Ummmm... Hey!! She's Quater horse!! The butt sorta gave it away


----------



## prettypalfrey (Mar 12, 2007)

whats not good?


----------



## bolly (Mar 16, 2007)

Why dont you tell us more about her .. name, history, height .. etc x


----------



## prettypalfrey (Mar 12, 2007)

Stardusts Surprise (jigger) She is an ex barrel horse she is my first horse. I am new to riding and showing. She is just starting to show again. She is super strong and super fast but oh so loving.
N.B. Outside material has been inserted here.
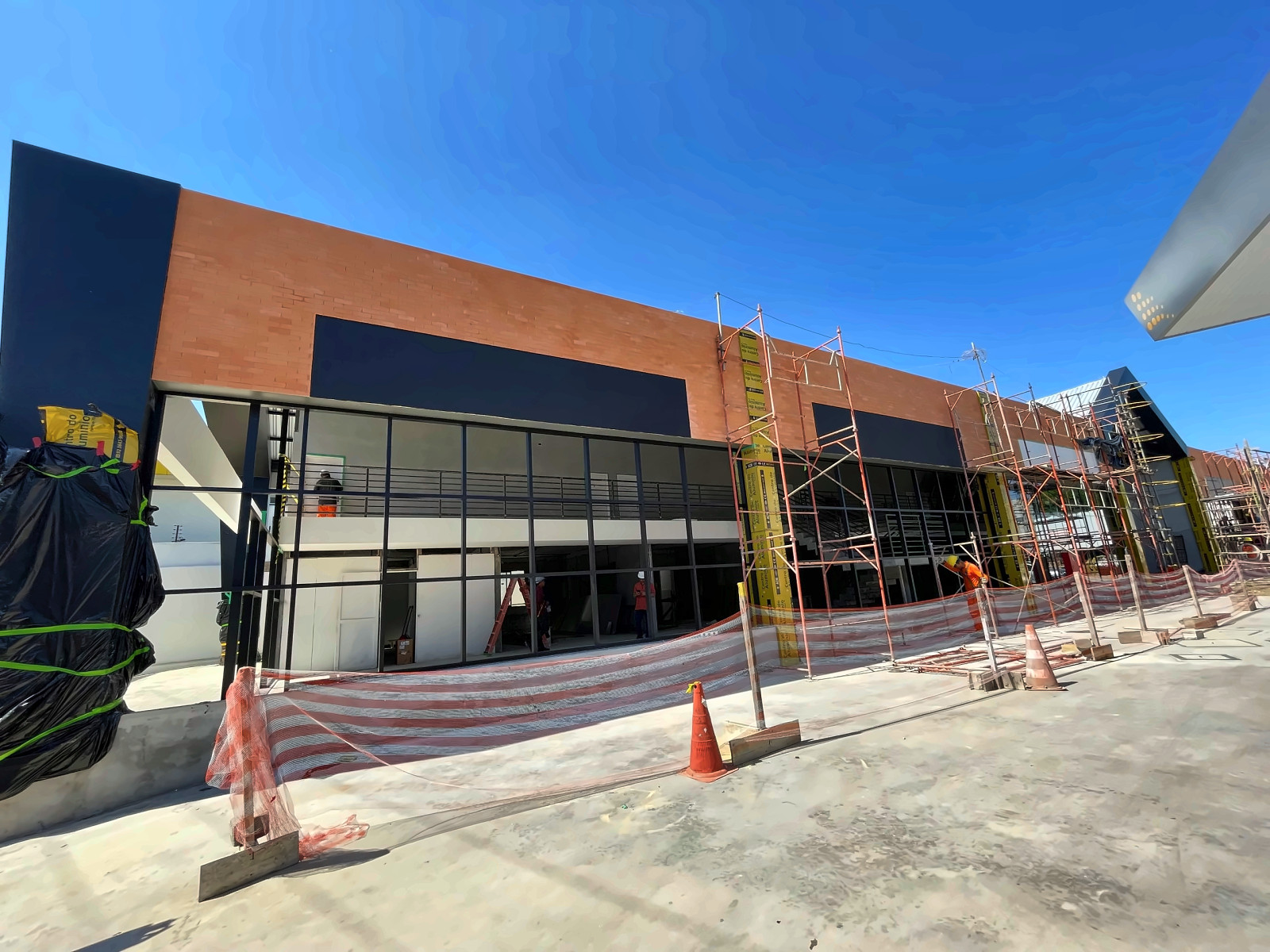 Fachada de edificação em obra, com andaimes e área isolada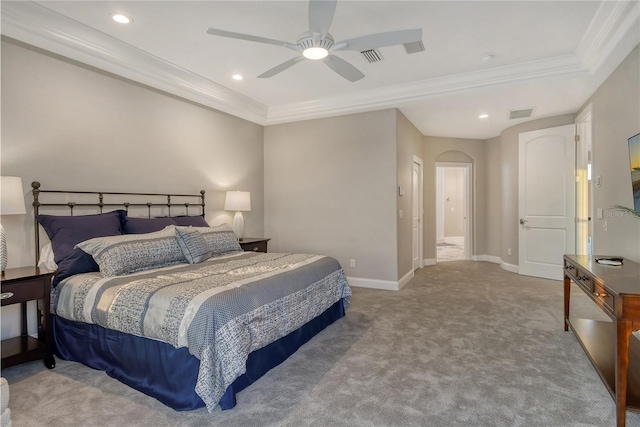 bedroom featuring crown molding, light carpet, and ceiling fan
I hope these pics are better.


----------



## prettypalfrey (Mar 12, 2007)

kind of blurry


----------



## prettypalfrey (Mar 12, 2007)

sorry guys I cant add her other pics I didn't mean to repeat.


----------



## mrskamel (May 1, 2007)

She is too heavy, I'm sure you will have her back in shape in no time.


----------



## ~*Hunter_Gurlie*~ (Apr 17, 2007)

i think that she looks good for her age and theres nothing really wrong with her or not good about her  You have a very pretty horse


----------



## prettypalfrey (Mar 12, 2007)

Thank you hunter girlie. And believe it or not but she is not heavy. She is all muscle. She has lost a bit of wait since that photo. I thought she was to chubby but she is just super stocky and muscular. I hear that her foals are the same.


----------



## muppet123 (Apr 29, 2007)

hi ther, i think she looks really sweet, and lovely for her age too. she looks very kind and honest.


----------



## DressageOrBust (Apr 15, 2007)

She is not heavy at all! She looks like what a healthy horse of her size should look like.  Her back is a bit down has she had many babies? Could just be lack of muscling.  I think she's rather cute. *squee* I wanna hug her.

Jenn


----------



## prettypalfrey (Mar 12, 2007)

She has a bit of a sway back I guess because of her age. She has had 8 babies all with similar body types.


----------



## DressageOrBust (Apr 15, 2007)

A sway back isn't always from age  I have a 31 yr old QH gelding who doesn't really have one at all.


----------



## prettypalfrey (Mar 12, 2007)

I hope its not because of my weight. Ha ha just kidding, she had it when I bought her.


----------



## PrettyHorse (May 8, 2007)

haha that's funny


----------